Plasma, the liquid component of blood, taken from people who have recovered from COVID-19 infection, can contain antibodies to the virus. The therapy is thought to neutralize the virus and prevent progression of the illness but few randomized trials have been undertaken to show efficacy.
“Physicians have been using convalescent plasma to try to save patients during the pandemic, knowing that it is safe, but not knowing if it really works,” said co-investigator Luis Ostrosky, MD, a professor of medicine and epidemiology and vice chair of healthcare quality with McGovern Medical School at UTHealth. “A randomized, placebo-controlled trial is the standard to assess efficacy of an intervention. NYU started this important study, and as the incidence of COVID-19 started to go down in New York City, they looked for partners in new hot spots to help continue the study and we were asked to join.

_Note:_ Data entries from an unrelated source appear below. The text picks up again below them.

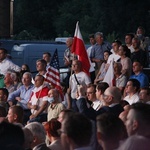 Wieczór wyborczy Andrzeja Dudy w Łowiczu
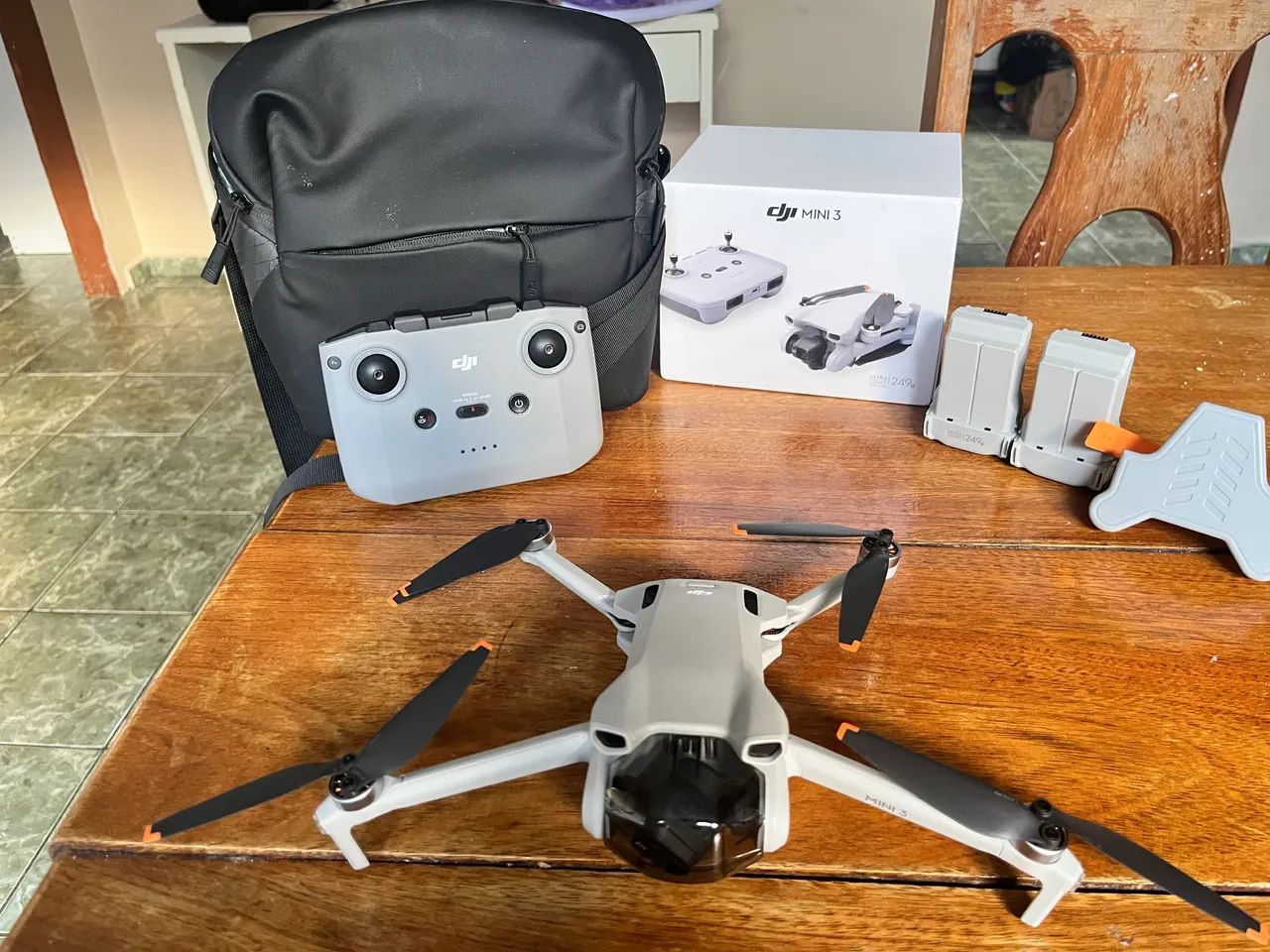 Vendo drone dji mini 3 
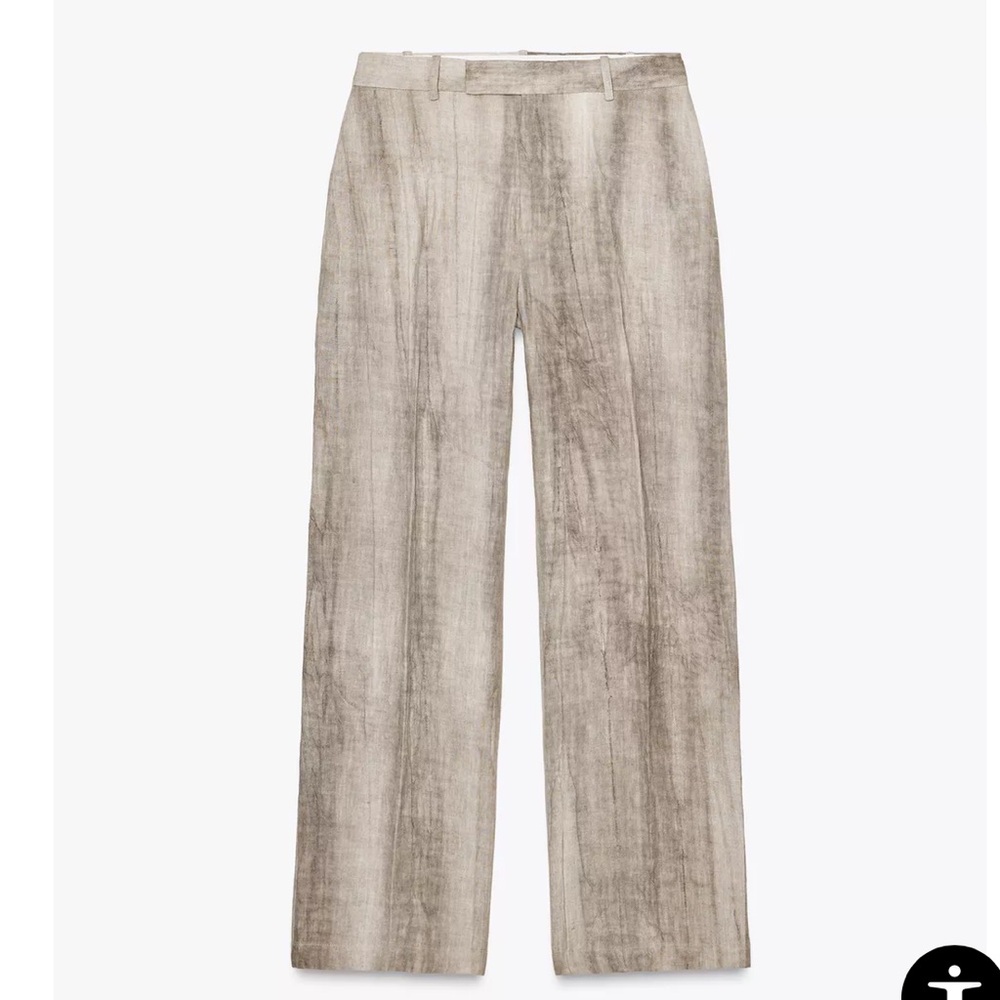 Zara linen pants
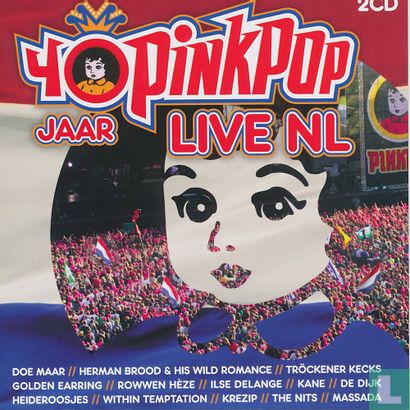 40 Jaar Pinkpop Live NL - Image 1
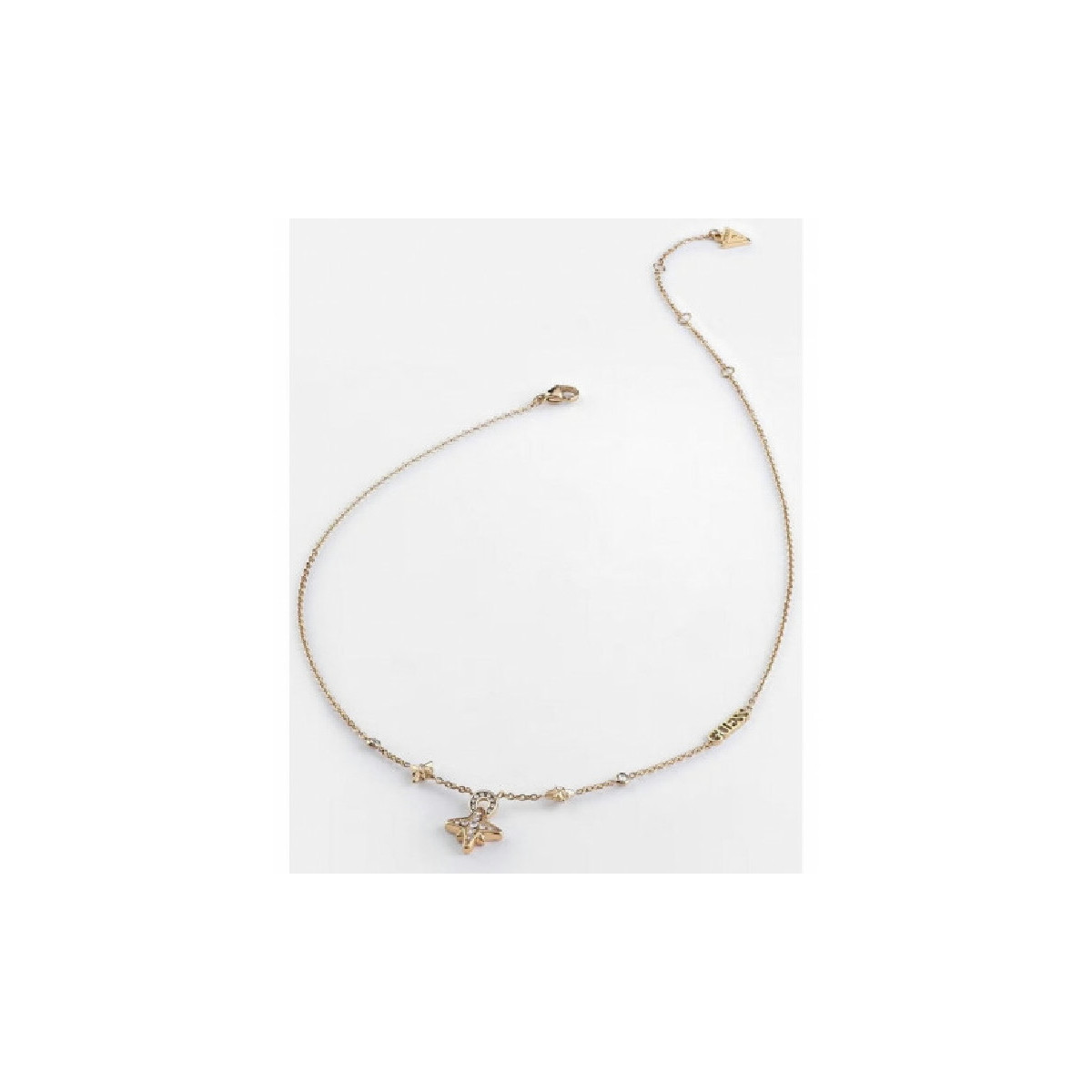 Gargantilla Guess In The Sky Acero Dorado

Now, we’re going to be able to conduct an ideal study in Houston to see if convalescent plasma is really effective against coronavirus.” Ostrosky is the medical director for epidemiology at Memorial Hermann-Texas Medical Center and an infectious disease specialist at UT Physicians.
Convalescent plasma has already been used by UTHealth physicians at its teaching hospitals under an expanded access framework from the U.S. Food and Drug Administration, which allows access to investigational therapies because there are no other viable treatment options for COVID-19.
This study is both randomized, meaning some patients will receive the plasma and some will receive placebo, and blinded, meaning the physicians won’t know which treatment the patient has received. “This rigorous methodology will once and for all shed light as to whether this intervention is useful and should be expanded. This is exactly the kind of research that we need to be conducting during the pandemic,” said David McPherson, MD, chair of the Department of Internal Medicine at McGovern Medical School and principal investigator for the Center for Clinical and Translational Sciences, the awardee of the grant. The team plans to enroll 400 patients in sites through UTHealth in Houston and UT Health in Tyler.
Other key co-investigators from McGovern Medical School include Henry Wang, MD, MS, professor and executive vice chair of research in the Department of Emergency Medicine; and Bela Patel, MD, vice dean of healthcare quality and division director for critical care medicine. At Memorial Hermann-TMC, Wang is an attending physician and Patel is executive medical director of critical care.